Australia’s Big Four banks are “well positioned” to navigate a difficult operating environment in 2026 supported by their strong earnings ability, according to Morningstar.
In its analysis of the big four banks, the firm said it expects a neutral outlook in FY2026, with earnings remaining relatively stable. This outlook will be underpinned by solid loan growth, stable net interest margins (NIM) and low cost of risk (COR), though offset by higher operating costs.
Providing the backdrop for this outlook is Morningstar’s anticipation that the Australian economy will expand in the coming year, with GDP projected to grow 2.2 per cent in 2026. This expectation aligns with Ausbil’s outlook, though it forecasts stronger growth at 2.8 per cent.
The firm’s view is also underpinned by a supportive cash rate outlook, with the current rate at 3.6 per cent and the Reserve Bank of Australia (RBA) expected to take a data-dependent approach until underlying inflation is sustainably near the 2.5 per cent midpoint.

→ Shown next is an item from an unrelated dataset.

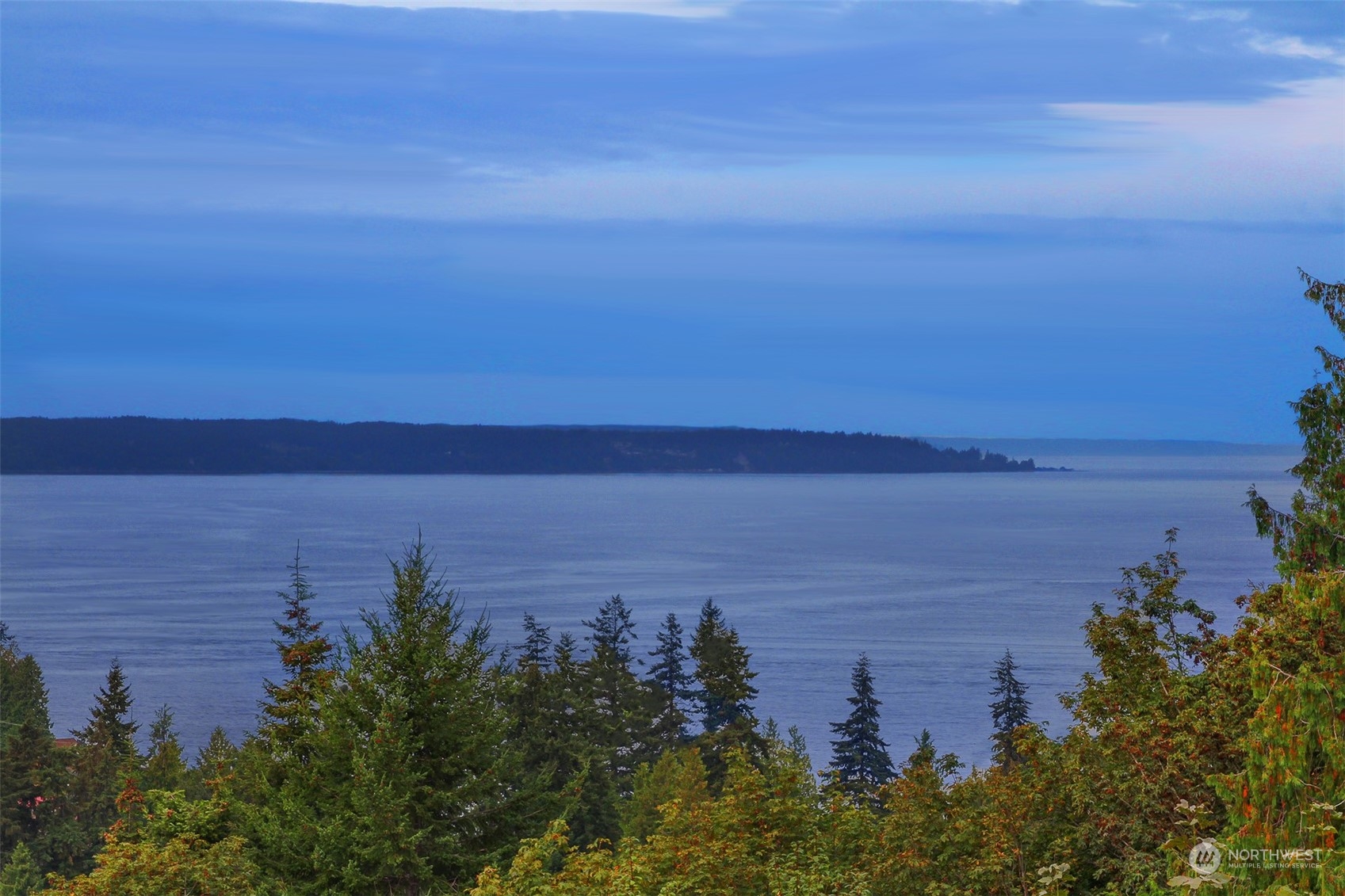 4824 Seahurst Avenue Everett, WA 98203 - Photo 4 of 33 a view of a lake and sunset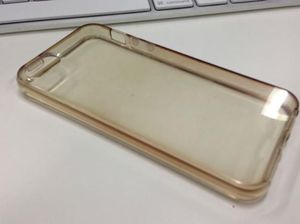 Penyebab Casing Transparan Ponsel Rentan Menguning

Morningstar also acknowledged some downside risks to this outlook, largely driven by external factors.
These risks included a potential sharp slowdown in China’s economy, rising trade tensions amid ongoing US tariffs, and a deterioration in US–China relations. Moreover, it noted that the path of interest rates may be more gradual given the recent uptick in inflation.
“We expect the banks’ NIMs will be supported by healthy loan growth, the repricing of deposits at lower rates, and the continued benefit from their structural hedge portfolios, although less than in FY2025,” Maria Rivas, senior vice president at Morningstar DBRS stated.
“Persisting downside risks are largely associated with an economic slowdown driven by external factors and the path of interest rate cuts may be more gradual given the recent uptick in inflation. Nonetheless, we consider the banks to be well positioned to navigate a potentially more difficult operating environment supported by their track record of solid earnings ability and strong capital”.
It added that it anticipates lending volumes to grow in the mid-single digit range while deposits continue at lower interest rates.
At the same time, the firm conceded NIM trends will largely depend on lending competition, especially as business lending gains renewed focus, with most banks signalling their intent to expand in this area.
Meanwhile, Morningstar said banks’ operating expenses are likely to keep rising, extending the upward trend of the past two years, partly driven by ongoing investment in IT and digitalisation.
It also said it expects mixed asset quality, with mortgage arrears improving and COR increasing modestly but remaining low.
“Overall, our FY2026 outlook considers that asset quality will remain sound despite some deterioration, with relatively low levels of Stage 3 loans that will continue to compare well with those of international peers,” the firm stated.
Moreover, despite declining interest rates, the firm said it expects deposit growth to continue into next year – albeit at a slower pace – while banks remain well capitalised.